So I’ve been doing a lot of self-reflection lately, particularly about the meanings ascribed to brownness and ladyness and intersectionality and hiking, and what I see as the tension among those things and between those things and the space I’ve carved out for myself on this blog. It’s complicated – like most things worth understanding are – so bear with me. Continue reading

Real-World Imposition: Intersectional Privilege

In towns, it feels like I’m near-constantly glued to a screen. Mostly, it’s because I chose the wrong external battery for writing blog posts – I should’ve brought the big one – but also because I have relatively few hours in which to contact the outside world, see what’s going on, not become completely disconnected from context. Otherwise, it’s all eating and resupply and talking with friends and and and – it’s easy to just forget the rest of the world is there.

But when I heard through the Facebook grapevine that Blackhawk started the Colorado Trail, I got absurdly, unabashedly excited.
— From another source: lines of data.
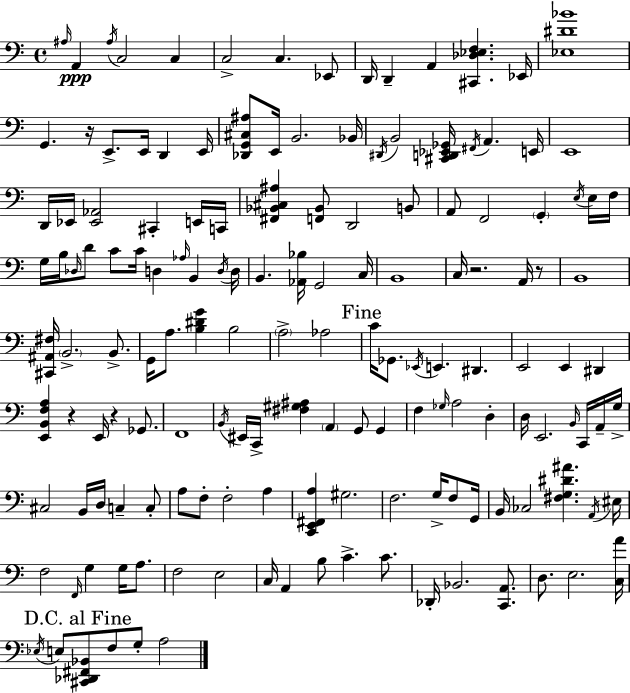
X:1
T:Untitled
M:4/4
L:1/4
K:Am
^A,/4 A,, ^A,/4 C,2 C, C,2 C, _E,,/2 D,,/4 D,, A,, [^C,,_D,_E,F,] _E,,/4 [_E,^D_B]4 G,, z/4 E,,/2 E,,/4 D,, E,,/4 [_D,,G,,^C,^A,]/2 E,,/4 B,,2 _B,,/4 ^D,,/4 B,,2 [^C,,D,,_E,,_G,,]/4 ^F,,/4 A,, E,,/4 E,,4 D,,/4 _E,,/4 [_E,,_A,,]2 ^C,, E,,/4 C,,/4 [^F,,_B,,^C,^A,] [F,,_B,,]/2 D,,2 B,,/2 A,,/2 F,,2 G,, E,/4 E,/4 F,/4 G,/4 B,/4 _D,/4 D/2 C/2 C/4 D, _A,/4 B,, D,/4 D,/4 B,, [_A,,_B,]/4 G,,2 C,/4 B,,4 C,/4 z2 A,,/4 z/2 B,,4 [^C,,^A,,^F,]/4 B,,2 B,,/2 G,,/4 A,/2 [B,^DG] B,2 A,2 _A,2 C/4 _G,,/2 _E,,/4 E,, ^D,, E,,2 E,, ^D,, [E,,B,,F,A,] z E,,/4 z _G,,/2 F,,4 B,,/4 ^E,,/4 C,,/4 [^F,^G,^A,] A,, G,,/2 G,, F, _G,/4 A,2 D, D,/4 E,,2 B,,/4 C,,/4 A,,/4 G,/4 ^C,2 B,,/4 D,/4 C, C,/2 A,/2 F,/2 F,2 A, [C,,E,,^F,,A,] ^G,2 F,2 G,/4 F,/2 G,,/4 B,,/4 _C,2 [^F,G,^D^A] A,,/4 ^E,/4 F,2 F,,/4 G, G,/4 A,/2 F,2 E,2 C,/4 A,, B,/2 C C/2 _D,,/4 _B,,2 [C,,A,,]/2 D,/2 E,2 [C,A]/4 _E,/4 E,/2 [^C,,_D,,^F,,_B,,]/2 F,/2 G,/2 A,2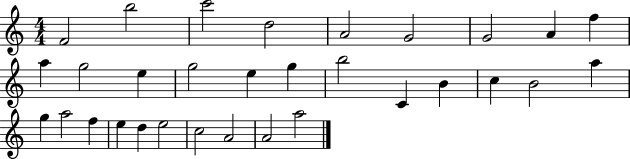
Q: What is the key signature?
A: C major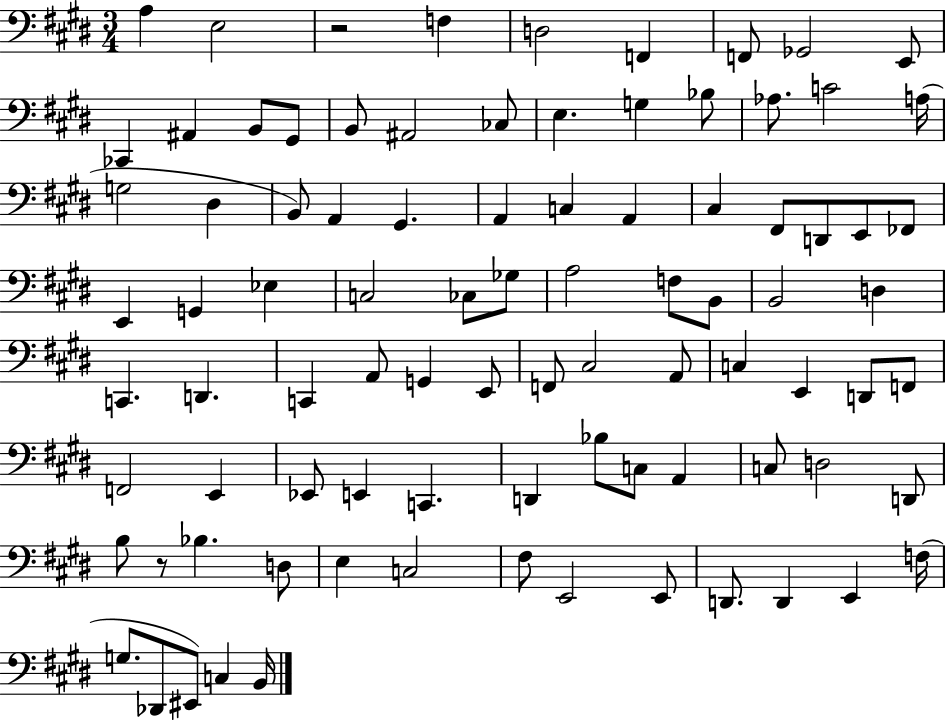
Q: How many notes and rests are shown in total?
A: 89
Not only another brown person, but another black person! Hiking! And while he’s only slightly newer to this whole backpacking thing than I am, he’s out there! Doing it! Getting it done despite hesitations and fears and a heavy pack and all those things I’m feeling. And I’m excited for him and excited for me and excited for us and and and–

And I wonder how different our experiences will be: he as an identifiable black man, me as a visually-ambiguous brown-black woman-girl.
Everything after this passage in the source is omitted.